8.8 Dividends and Other Distributions. In the event that
the Company shall at any time prior to the exercise of all Warrants
declare a dividend (other than a dividend consisting solely of shares
of Common Stock) or otherwise distribute to its stockholders any
assets, property, rights, evidences of indebtedness, securities (other
than shares of Common Stock), whether issued by the Company or by
another, or any other thing of value, the Holders of the unexercised
Warrants shall thereafter be entitled, in addition to the shares of
Common Stock or other securities and property receivable upon the
exercise thereof, to receive, upon the exercise of such Warrants, the
same property, assets, rights, evidences of indebtedness, securities
or any other thing of value that they would have been entitled to
receive at the time of such dividend or distribution as if the
Warrants had been exercised immediately prior to such dividend or
distribution. At the time of any such dividend or distribution, the
Company shall make appropriate reserves to ensure the timely
performance of the provisions of this Section 8.8.
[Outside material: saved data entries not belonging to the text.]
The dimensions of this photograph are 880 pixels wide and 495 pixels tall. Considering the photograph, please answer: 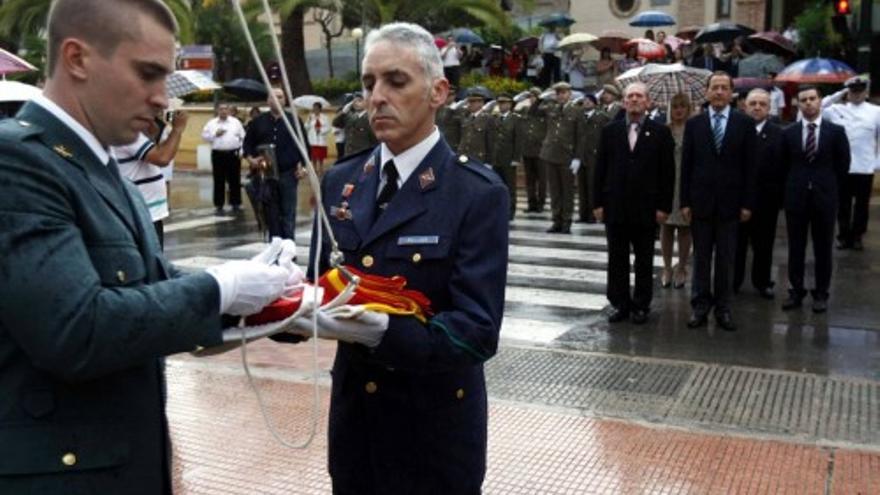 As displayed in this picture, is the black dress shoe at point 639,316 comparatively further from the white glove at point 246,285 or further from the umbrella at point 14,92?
the white glove at point 246,285

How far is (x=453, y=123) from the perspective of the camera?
16094 mm

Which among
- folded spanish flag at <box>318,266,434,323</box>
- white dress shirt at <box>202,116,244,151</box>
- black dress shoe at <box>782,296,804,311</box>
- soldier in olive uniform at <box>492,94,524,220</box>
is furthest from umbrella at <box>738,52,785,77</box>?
folded spanish flag at <box>318,266,434,323</box>

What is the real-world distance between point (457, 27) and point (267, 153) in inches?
847

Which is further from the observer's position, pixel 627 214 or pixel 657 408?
pixel 627 214

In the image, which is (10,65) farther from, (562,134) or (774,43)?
(774,43)

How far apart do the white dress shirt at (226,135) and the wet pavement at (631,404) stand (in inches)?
353

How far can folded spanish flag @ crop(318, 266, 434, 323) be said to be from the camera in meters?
2.46

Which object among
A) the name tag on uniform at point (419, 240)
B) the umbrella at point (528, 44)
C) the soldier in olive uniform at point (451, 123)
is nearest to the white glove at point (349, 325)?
the name tag on uniform at point (419, 240)

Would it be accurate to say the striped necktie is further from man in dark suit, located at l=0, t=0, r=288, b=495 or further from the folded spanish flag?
man in dark suit, located at l=0, t=0, r=288, b=495

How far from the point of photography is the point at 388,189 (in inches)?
112

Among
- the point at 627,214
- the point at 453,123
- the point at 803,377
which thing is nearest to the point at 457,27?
the point at 453,123

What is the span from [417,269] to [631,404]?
12.1ft

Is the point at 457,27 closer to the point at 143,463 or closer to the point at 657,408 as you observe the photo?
the point at 657,408

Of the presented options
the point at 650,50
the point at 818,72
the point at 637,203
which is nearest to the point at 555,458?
the point at 637,203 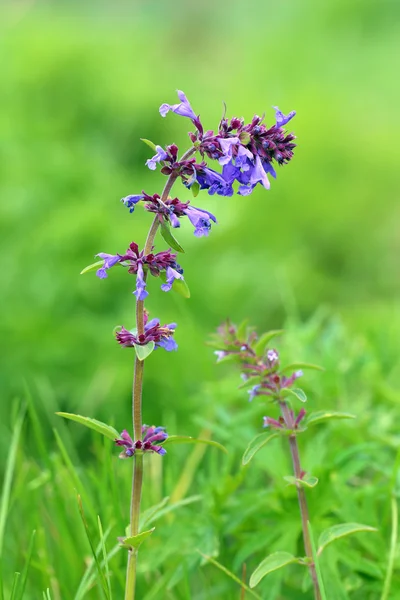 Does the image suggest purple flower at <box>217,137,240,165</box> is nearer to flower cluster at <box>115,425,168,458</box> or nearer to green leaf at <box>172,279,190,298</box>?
green leaf at <box>172,279,190,298</box>

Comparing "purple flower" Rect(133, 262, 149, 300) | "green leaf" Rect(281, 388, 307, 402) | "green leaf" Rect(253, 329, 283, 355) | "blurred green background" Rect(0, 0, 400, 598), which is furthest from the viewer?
"blurred green background" Rect(0, 0, 400, 598)

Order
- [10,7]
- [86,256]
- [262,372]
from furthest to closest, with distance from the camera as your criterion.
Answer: [10,7], [86,256], [262,372]

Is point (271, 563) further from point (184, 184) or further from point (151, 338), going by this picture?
point (184, 184)

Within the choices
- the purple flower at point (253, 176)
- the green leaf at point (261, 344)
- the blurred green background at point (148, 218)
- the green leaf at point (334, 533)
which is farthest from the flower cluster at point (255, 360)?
the blurred green background at point (148, 218)

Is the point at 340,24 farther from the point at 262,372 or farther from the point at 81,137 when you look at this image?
the point at 262,372

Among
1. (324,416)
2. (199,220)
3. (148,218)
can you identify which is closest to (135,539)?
(324,416)

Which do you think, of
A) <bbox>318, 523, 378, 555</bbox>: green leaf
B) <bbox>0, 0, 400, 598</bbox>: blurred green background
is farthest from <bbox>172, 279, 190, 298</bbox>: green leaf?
<bbox>0, 0, 400, 598</bbox>: blurred green background

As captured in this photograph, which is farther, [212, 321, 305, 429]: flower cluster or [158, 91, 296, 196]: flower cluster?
[212, 321, 305, 429]: flower cluster

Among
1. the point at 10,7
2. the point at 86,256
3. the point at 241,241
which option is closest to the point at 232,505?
the point at 86,256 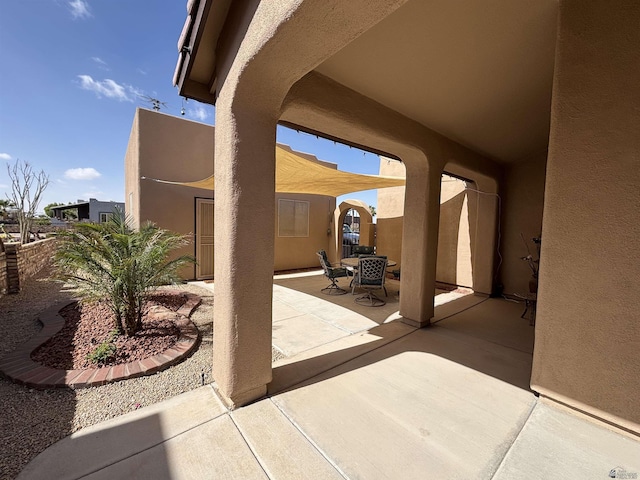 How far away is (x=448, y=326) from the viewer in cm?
522

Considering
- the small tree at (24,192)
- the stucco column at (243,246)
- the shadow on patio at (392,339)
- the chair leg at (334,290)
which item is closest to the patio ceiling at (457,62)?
the stucco column at (243,246)

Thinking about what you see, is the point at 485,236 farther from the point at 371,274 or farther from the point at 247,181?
the point at 247,181

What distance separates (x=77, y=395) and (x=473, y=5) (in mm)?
5932

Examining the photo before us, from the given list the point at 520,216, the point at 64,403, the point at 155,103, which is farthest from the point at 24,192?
the point at 520,216

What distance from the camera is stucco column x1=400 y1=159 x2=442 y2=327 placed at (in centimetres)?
489

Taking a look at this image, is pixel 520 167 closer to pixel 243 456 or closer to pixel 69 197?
pixel 243 456

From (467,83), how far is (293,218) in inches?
357

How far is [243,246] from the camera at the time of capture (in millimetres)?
2537

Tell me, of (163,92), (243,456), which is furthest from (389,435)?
(163,92)

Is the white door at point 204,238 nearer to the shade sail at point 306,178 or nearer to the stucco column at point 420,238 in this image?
the shade sail at point 306,178

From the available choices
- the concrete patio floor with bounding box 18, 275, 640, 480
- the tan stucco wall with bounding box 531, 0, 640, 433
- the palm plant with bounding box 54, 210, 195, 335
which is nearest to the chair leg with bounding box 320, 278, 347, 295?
the concrete patio floor with bounding box 18, 275, 640, 480

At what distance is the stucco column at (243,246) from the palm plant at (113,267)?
230 centimetres

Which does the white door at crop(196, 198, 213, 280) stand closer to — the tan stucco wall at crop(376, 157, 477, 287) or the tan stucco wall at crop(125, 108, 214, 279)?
the tan stucco wall at crop(125, 108, 214, 279)

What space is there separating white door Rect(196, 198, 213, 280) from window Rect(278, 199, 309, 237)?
3.01 metres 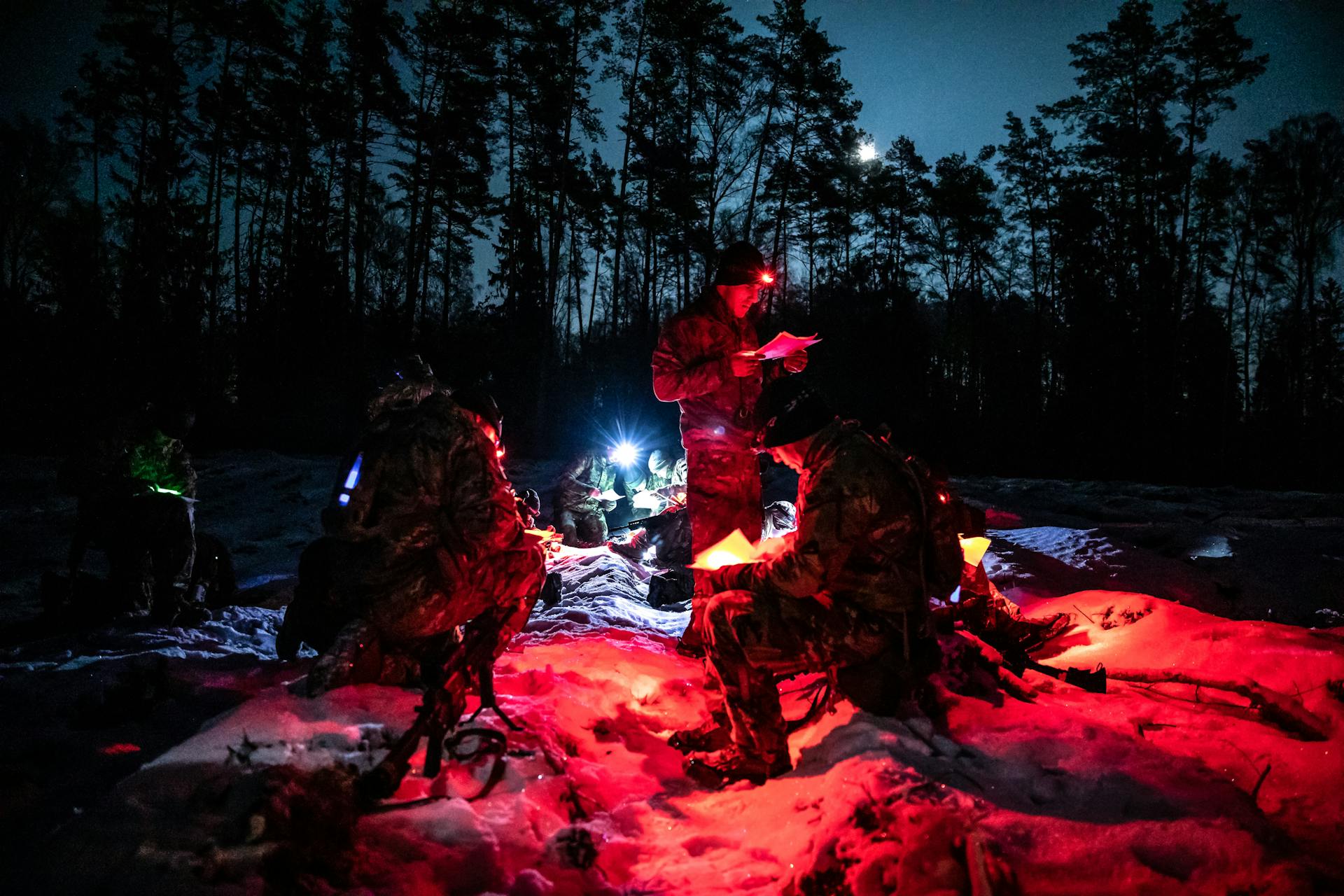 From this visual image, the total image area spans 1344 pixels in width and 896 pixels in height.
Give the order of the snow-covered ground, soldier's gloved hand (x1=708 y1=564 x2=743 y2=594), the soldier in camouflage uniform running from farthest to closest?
1. the soldier in camouflage uniform
2. soldier's gloved hand (x1=708 y1=564 x2=743 y2=594)
3. the snow-covered ground

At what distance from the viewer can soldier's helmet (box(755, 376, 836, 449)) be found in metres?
3.33

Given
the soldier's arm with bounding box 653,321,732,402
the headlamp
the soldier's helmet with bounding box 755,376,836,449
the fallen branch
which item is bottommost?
the fallen branch

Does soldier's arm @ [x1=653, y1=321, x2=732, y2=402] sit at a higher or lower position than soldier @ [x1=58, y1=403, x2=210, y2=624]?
higher

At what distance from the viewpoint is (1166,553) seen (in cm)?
730

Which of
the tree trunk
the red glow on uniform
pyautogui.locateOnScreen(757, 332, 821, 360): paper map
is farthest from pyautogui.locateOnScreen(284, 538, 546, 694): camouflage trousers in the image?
the tree trunk

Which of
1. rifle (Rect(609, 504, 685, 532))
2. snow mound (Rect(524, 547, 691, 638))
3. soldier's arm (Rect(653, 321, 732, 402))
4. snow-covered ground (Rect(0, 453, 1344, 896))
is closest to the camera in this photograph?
snow-covered ground (Rect(0, 453, 1344, 896))

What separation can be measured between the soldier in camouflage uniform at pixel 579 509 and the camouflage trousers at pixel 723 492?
434cm

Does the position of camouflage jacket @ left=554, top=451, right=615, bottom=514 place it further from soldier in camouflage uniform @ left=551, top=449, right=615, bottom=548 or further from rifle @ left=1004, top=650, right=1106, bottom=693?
rifle @ left=1004, top=650, right=1106, bottom=693

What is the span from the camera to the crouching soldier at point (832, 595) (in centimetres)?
291

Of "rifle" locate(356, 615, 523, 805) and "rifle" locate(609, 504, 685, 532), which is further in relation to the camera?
"rifle" locate(609, 504, 685, 532)

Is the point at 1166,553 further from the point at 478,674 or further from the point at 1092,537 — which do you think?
the point at 478,674

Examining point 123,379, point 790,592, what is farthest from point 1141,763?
point 123,379

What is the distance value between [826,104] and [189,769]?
2468 centimetres

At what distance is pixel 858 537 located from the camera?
2902 millimetres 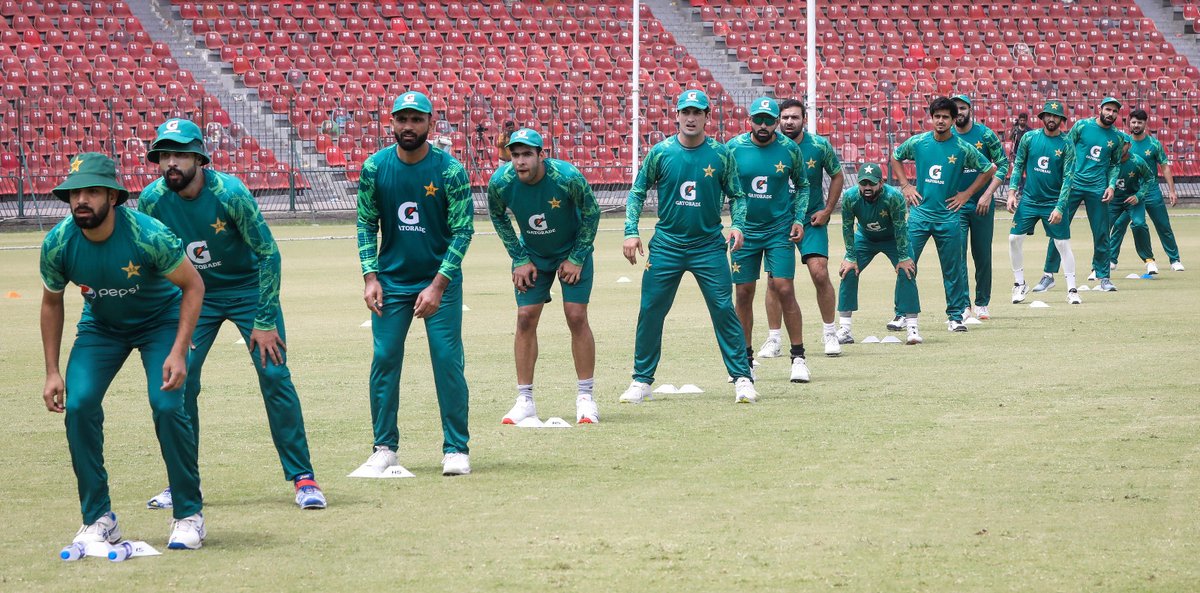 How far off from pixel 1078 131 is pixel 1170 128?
2268 centimetres

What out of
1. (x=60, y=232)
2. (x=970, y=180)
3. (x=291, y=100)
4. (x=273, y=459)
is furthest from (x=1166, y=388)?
(x=291, y=100)

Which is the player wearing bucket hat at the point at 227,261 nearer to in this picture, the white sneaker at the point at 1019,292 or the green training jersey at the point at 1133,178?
the white sneaker at the point at 1019,292

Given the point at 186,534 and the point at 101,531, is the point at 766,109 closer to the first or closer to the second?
the point at 186,534

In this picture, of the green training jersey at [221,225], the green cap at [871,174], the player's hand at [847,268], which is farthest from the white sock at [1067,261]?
the green training jersey at [221,225]

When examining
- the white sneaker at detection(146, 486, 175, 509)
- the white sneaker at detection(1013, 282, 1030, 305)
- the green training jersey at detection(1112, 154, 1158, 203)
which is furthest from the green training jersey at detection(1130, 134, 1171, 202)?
the white sneaker at detection(146, 486, 175, 509)

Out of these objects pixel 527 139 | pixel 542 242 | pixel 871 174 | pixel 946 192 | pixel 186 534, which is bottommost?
pixel 186 534

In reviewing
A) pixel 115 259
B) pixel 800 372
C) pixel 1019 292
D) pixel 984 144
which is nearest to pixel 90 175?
pixel 115 259

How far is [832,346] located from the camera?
12.9 meters

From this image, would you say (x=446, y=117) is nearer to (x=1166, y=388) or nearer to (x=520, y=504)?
(x=1166, y=388)

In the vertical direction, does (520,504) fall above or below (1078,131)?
below

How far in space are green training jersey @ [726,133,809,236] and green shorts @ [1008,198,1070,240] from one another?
629 centimetres

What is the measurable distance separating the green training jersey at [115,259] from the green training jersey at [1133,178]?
1586cm

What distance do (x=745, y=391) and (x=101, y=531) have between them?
16.4ft

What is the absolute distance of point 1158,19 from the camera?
1855 inches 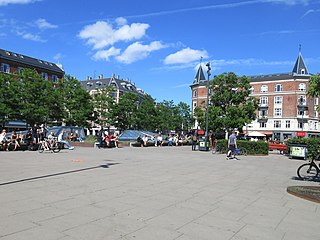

9. Exchange and Replacement of Warrant Certificates. Each
Warrant Certificate is exchangeable without expense, upon the surrender thereof
by the registered Holder at the principal executive office of the Company, for
a new Warrant Certificate of like tenor and date representing in the aggregate
the right to purchase the same number of Warrant Securities in such
denominations as shall be designed by the Holder thereof at the time of such
surrender.
Upon receipt by the Company of evidence reasonably satisfactory to it
of the loss, theft, destruction or mutilation of any Warrant Certificate, and,
in case of loss, theft or destruction, of indemnity or security reasonably
satisfactory to it, and reimbursement to the Company of all reasonable expenses
incidental thereto, and upon surrender and cancellation of the Warrants, if
mutilated, the Company will make and deliver a new Warrant Certificate of like
tenor, in lieu thereof.
10. Elimination of Fractional Interests. The Company shall not be
required to issue fractional shares of Common Stock upon the exercise of
Warrants. Warrants may only be exercised in such multiples as are required to
permit the issuance by the Company of one or more whole shares of Common Stock.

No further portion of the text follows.